Worldbuilding, or Lack Of- by ria, on Wednesday, 11th August 2010, 3:39pm
I think my series on pre-production is coming to an end. They were fun to write and I’ll have to keep them in mind as I head into draft 2 of book2 (which will be happening sometime soon – I’ve already started a very rough outline). But just for the record, I would like to write a quick note on worldbuilding.
Learning things the hard way
Don’t tell any agents or publishers, but I don’t really do any worldbuilding. When I started draft 1 of book 1 (I’m currently on draft 3 of book 1, just so we’re all straight) I had a 16 page outline that set out everything that was going to happen in the plot. I had a very vague idea of what the world was like, I knew there were planes (dimensions of reality) and portals but that was pretty much it.

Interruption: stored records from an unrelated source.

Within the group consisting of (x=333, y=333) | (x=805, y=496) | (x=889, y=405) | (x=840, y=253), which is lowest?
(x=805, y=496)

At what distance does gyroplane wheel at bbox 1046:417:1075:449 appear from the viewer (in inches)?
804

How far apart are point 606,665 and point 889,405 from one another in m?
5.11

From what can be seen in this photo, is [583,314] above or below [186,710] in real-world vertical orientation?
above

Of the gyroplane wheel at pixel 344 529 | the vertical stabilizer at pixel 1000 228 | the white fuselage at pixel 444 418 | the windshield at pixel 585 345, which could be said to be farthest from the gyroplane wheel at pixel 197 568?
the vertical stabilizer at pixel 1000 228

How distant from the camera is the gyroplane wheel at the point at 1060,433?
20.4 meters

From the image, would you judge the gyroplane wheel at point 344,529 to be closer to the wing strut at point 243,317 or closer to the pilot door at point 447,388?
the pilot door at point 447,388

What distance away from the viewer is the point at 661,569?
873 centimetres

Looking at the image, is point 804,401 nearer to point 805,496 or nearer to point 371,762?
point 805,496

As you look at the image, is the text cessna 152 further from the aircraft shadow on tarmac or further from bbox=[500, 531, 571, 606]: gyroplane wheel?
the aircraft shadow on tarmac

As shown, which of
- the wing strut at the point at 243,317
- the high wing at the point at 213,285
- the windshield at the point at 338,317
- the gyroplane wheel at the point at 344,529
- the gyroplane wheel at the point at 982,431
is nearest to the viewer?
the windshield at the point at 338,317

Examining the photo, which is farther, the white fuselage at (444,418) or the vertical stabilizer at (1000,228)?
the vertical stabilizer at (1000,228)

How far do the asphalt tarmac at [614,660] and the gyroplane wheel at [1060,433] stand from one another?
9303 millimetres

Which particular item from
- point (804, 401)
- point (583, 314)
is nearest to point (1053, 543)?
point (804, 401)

As I wrote the first few chapters, I let the world build itself around the story. If I needed a forest, there was a forest. If I needed a city, there was a city. It was pretty haphazard, and I think it led to quite a shallow world. I still feel this way. My book is not about the world, it’s about the characters and the adventure. By the end of draft 1, the setting was all over the place, because I’d put no thought into it. A lot of the rewrites in draft 2 compacted the world and solidified the magic system.

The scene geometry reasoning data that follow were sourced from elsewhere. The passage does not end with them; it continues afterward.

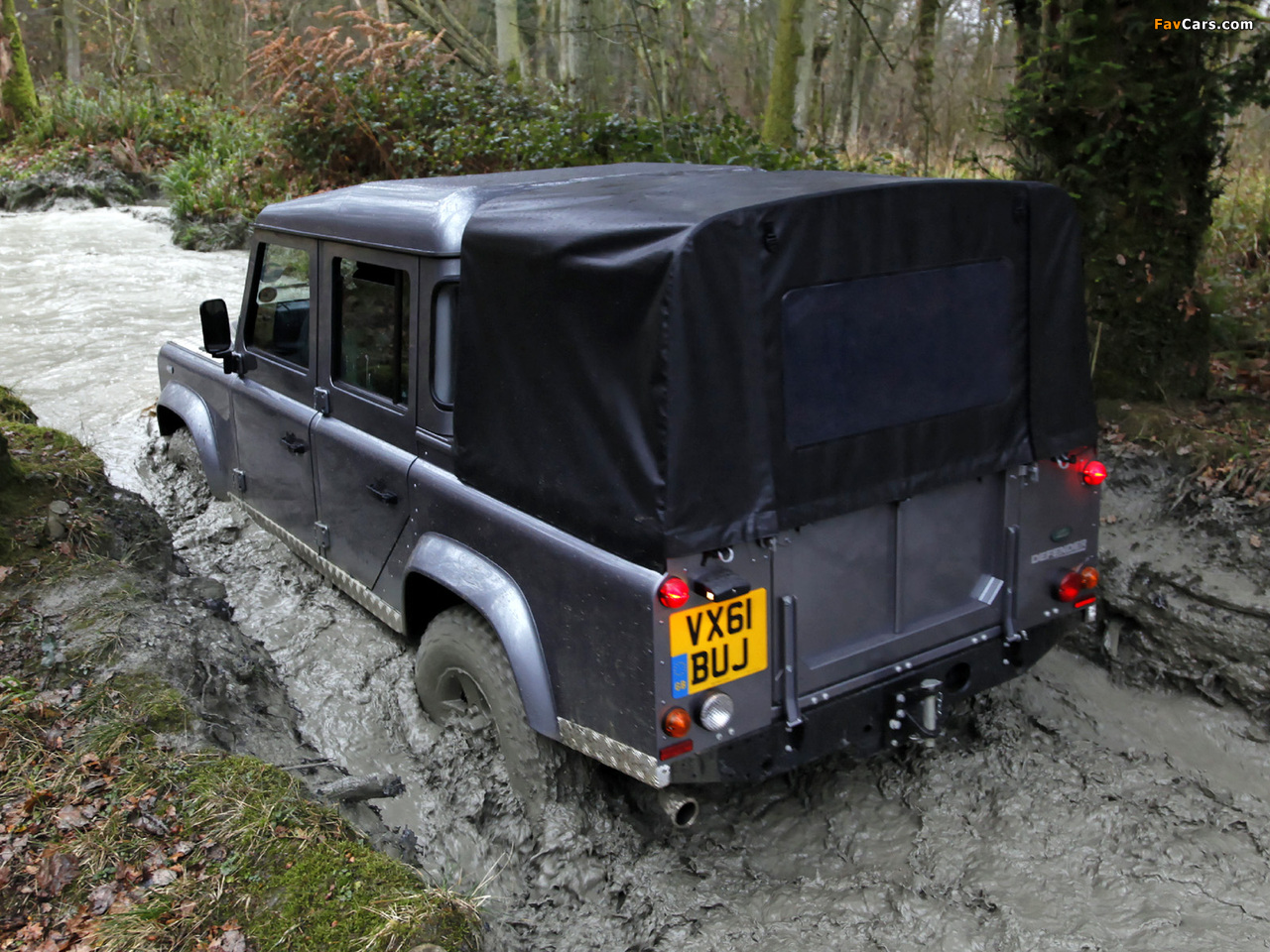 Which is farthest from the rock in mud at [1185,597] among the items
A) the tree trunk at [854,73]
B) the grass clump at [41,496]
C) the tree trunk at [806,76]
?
the tree trunk at [854,73]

That’s why drafts are essential for me, even though they are time consuming. If I had everything set from the start it would save me a lot of effort. But my brain doesn’t work that way. I can’t come up with a whole world,because I don’t know what my world will need and what it won’t need. Between drafts 1 and 2, I did a bit of worldbuilding. I came up with cultures, places, professions, etc. But it was all a bit superfluous, because none of it made it into draft 2.
So, I still have a lot to learn about worldbuilding. When I figure it out, I’ll let you know.